Considering providing counselling and other wellbeing support to carers if needed.
Training line managers so that they understand the demands that working carers experience and are aware of the support available to them.
Government, as an enabler, should encourage wider debate about the importance of supporting working carers and more actively promote the business case among employers so that they act now to avoid losing valuable working carers and older workers who will increasingly have eldercare responsibilities.
Principles and values that will foster the right behaviours and responses should be promoted to guide activity. This will enable employers to be agile in responding to changing needs and circumstances in ways that are helpful, appropriate and practical and in tune with carers’ and business needs.
There needs to be more concerted action by Government, in collaboration with business and employee bodies, to encourage more active promotion of flexible working by employers to their workforce.
Government should develop a stronger evidence base and act as a repository of good practice case studies showcasing how employers can accommodate working carers — sometimes small changes can make a big difference to people. They should also support the provision of easily accessible information and guidance to help employees help those in need of care.
Government should also take heed of the impact on the financial independence of people who are informal carers. There are short- and long-term implications for their financial wellbeing. They are likely to have to face a reduction in immediate income (if they need to reduce their hours or give up work altogether) and their longer-term capacity to build up pension provisions and savings for older age. At a national level, against the backdrop of the ageing population, poverty in old age is more rather than less likely to result, putting increased pressures on public provisions and services.

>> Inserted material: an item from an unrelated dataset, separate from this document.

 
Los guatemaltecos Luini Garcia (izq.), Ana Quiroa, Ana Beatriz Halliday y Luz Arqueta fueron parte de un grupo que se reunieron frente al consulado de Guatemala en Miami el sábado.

Many local authority employers will recognise (and sympathise) with the pressures on the workforce set out in the UNISON report. While some of the issues (eg bullying and harassment) should be tackled immediately if measures are not already in place, the ability of local authority employers to overcome or alleviate some of the other problems is severely constrained by their current funding and financial circumstances. This means that in areas such as pay, terms and conditions and the need for re-organisations to reduce costs, they may have little option but to carry on as at present, however sympathetic they are. The same will be the case in many other parts of the public sector.

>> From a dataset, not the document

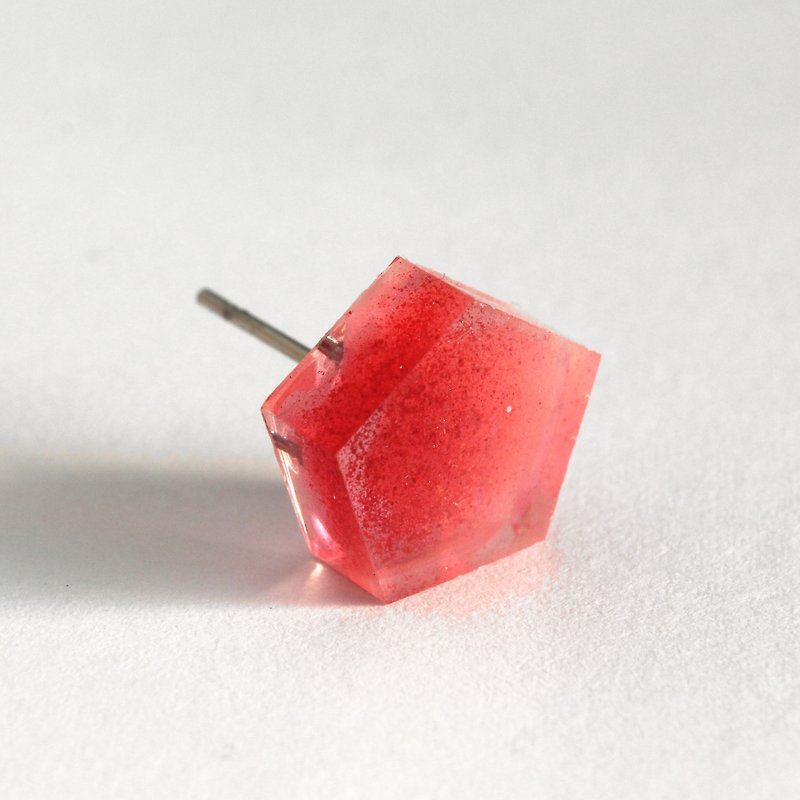 卡拉丝的鬼魂 / 树脂耳环 - 单只 / 五角形 玫瑰红 透明 - 耳环/耳夹 - 树脂 红色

However, there were also some more positive messages in the UNISON report which employers could seek to build upon, including support for the implementation of changes in the workplace if this would lead to improved service provision for the public. This underlines the importance of having clear, regular and effective employee communication arrangements in place, particularly when difficult decisions need to be implemented, so that there is, at the very least, an understanding of the rationale underlying them.
At the same time, employers will also need to recognise that there are other factors which could, if not handled properly, increase and compound the stresses employees are facing, and there is not always a large cost implication to addressing these. Measures to tackle the increasing incidence of employees having to combine work and caring responsibilities would appear to be one of these factors.

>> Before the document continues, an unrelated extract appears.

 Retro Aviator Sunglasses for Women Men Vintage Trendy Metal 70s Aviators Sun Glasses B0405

Thus, to avoid even greater risks to the sometimes fragile morale of their workforce, some of the measures suggested for employers in the CIPD/Westfield Health report should be carefully considered and, where possible and sensible, implemented. It is, of course, to the credit of the public sector that the report suggests that a number of public sector employers (a greater proportion than in the other sectors) are already doing so.
Under Pressure, Underfunded and Undervalued: UNISON Members Keeping Communities Together, a comparative research report for UNISON Incomes Data Research, May 2016, is available at www.unison.org.uk.
Creating an Enabling Future for Carers in the Workplace, Research Report, CIPD in partnership with Westfield Health, June 2016, is available at www.cipd.co.uk.